Aktualności

28 maja 2020

Czukotka, kraj wiecznej zmarzliny

Podróż do krainy wiecznej zmarzliny odbyłem w 1983 roku w celu realizacji filmu dokumentalnego, który miał za zadanie przybliżenie zwykłemu polskiemu obywatelowi bardzo egzotyczne miejsca na ziemi. Wyprawa ta była nawet nie tyle egzotyczna, co prawdziwie pionierska. W tamtych latach jeszcze nie dysponowałem dobrym sprzętem do fotografowania, więc nie przywiozłem żadnych zdjęć ukazujących moje niesamowite przeżycia, ale do rzeczy.

Któż z nas nie słyszał opowieści o Czukczach. Ja podróżując po dużej części „bywszego sojuza” słyszałem od wielu ludzi na północy, południu i centralnej Rosji mnóstwo kawałów o Czukczach, jak u nas o Wąchocku.
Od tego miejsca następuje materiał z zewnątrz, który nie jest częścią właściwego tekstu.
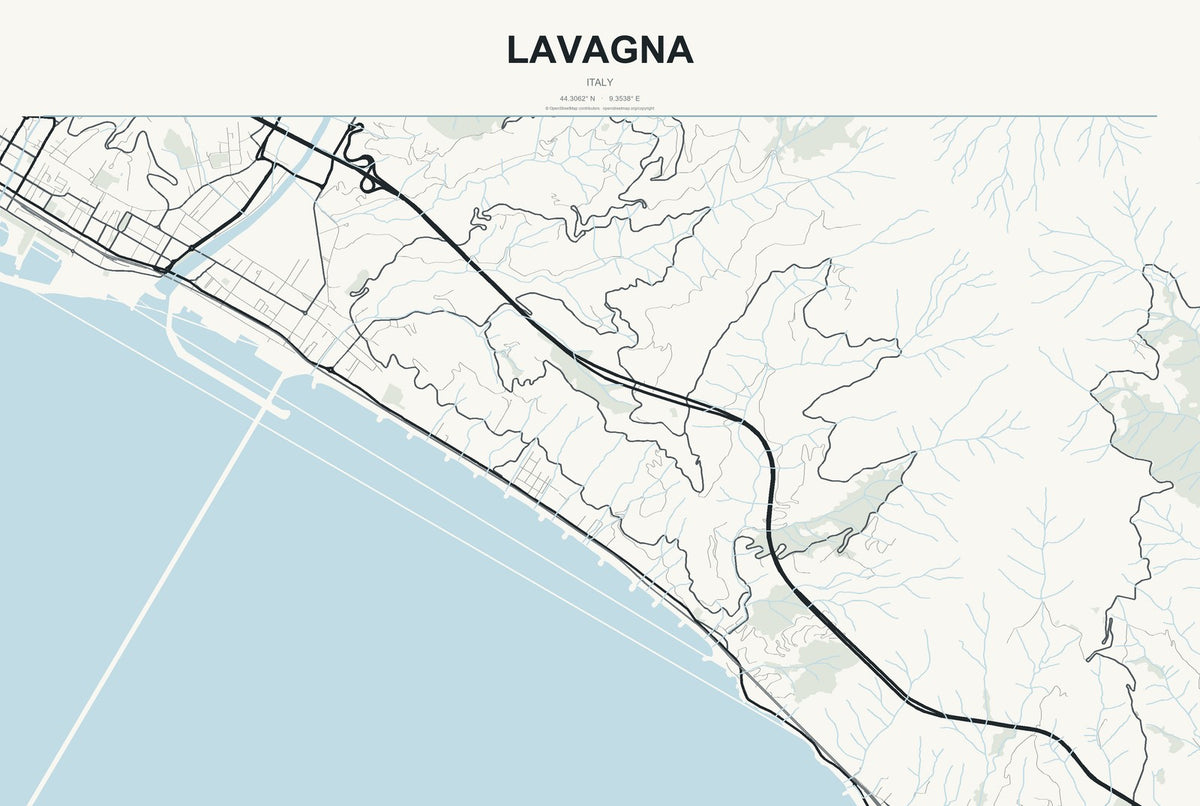 Lavagna, Italy City Map Aluminum Sign in Headline Atlas style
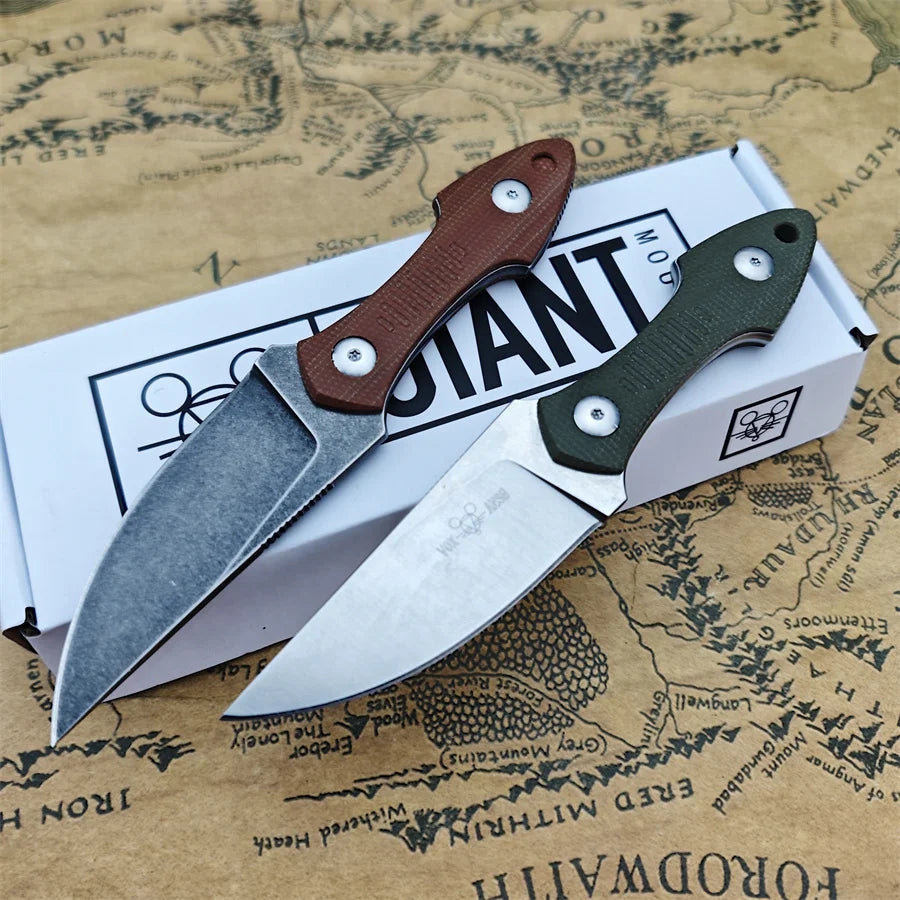 GiantMouse GMF3 Fixed Blade Knife Satin Drop Point Blade with Leather Sheath | Origin Zero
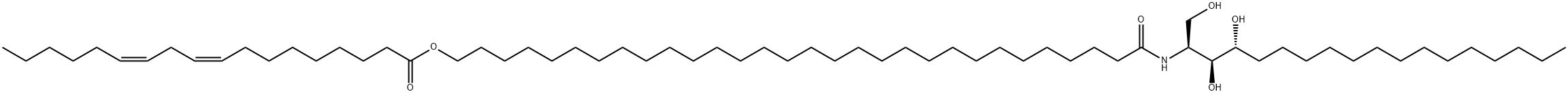 9,12-Octadecadienoic acid (9Z,12Z)-, 30-[[(1S,2S,3R)-2,3-dihydroxy-1-(hydroxymethyl)heptadecyl]amino]-30-oxotriacontyl ester, 627881-96-3, 结构式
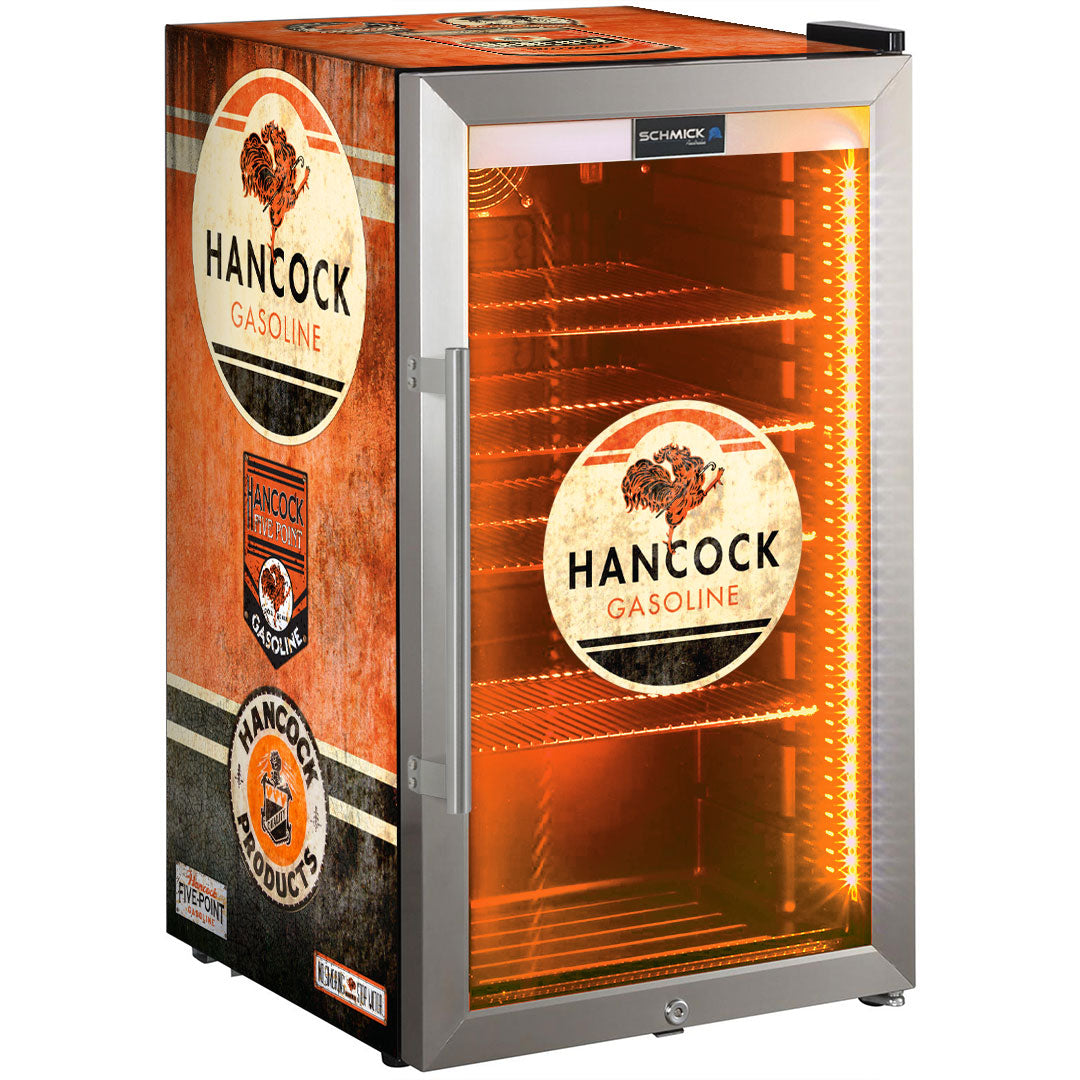 Hancock Schmick Vintage Fuel Pump Triple Glazed Alfresco Bar Fridge With LED Strip Lights - HUS-SC88-FP-HANCOCK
Wszędzie pod każdą szerokością geograficzną u naszych wschodnich sąsiadów opowiadano mi ogromną ilość dykteryjek na ich temat. W przeważającej większości bardzo – delikatnie mówiąc – niezbyt przychylnych, a wręcz wyśmiewających to dzielne, acz niewielkie plemię.
Czukczowie są bardzo blisko spokrewnieni z  Indianami Ameryki Północnej, a także z Inuitami – pierwotnymi mieszkańcami najdalej wysuniętych na północ wyspami Japonii. Przez setki, a najpewniej tysiące lat dotarli z Alaski przez cieśninę Beringa. To naprawdę nie jest zbyt daleko, nawet jak na pierwotne sposoby przemieszczania się tu na tej surowej i groźnej północy. Trzeba dodać że wówczas można było przejść z Azji do Ameryki Północnej suchą stopą z powodu dużo niższego stanu wód na całym globie. Z małej miejscowości o nazwie Naukan na Czukotce do Wales na Alasce, to około sto sześćdziesiąt kilometrów, co dla człowieka bardzo zahartowanego zimnem koła podbiegunowego nie jest barierą nie do pokonania.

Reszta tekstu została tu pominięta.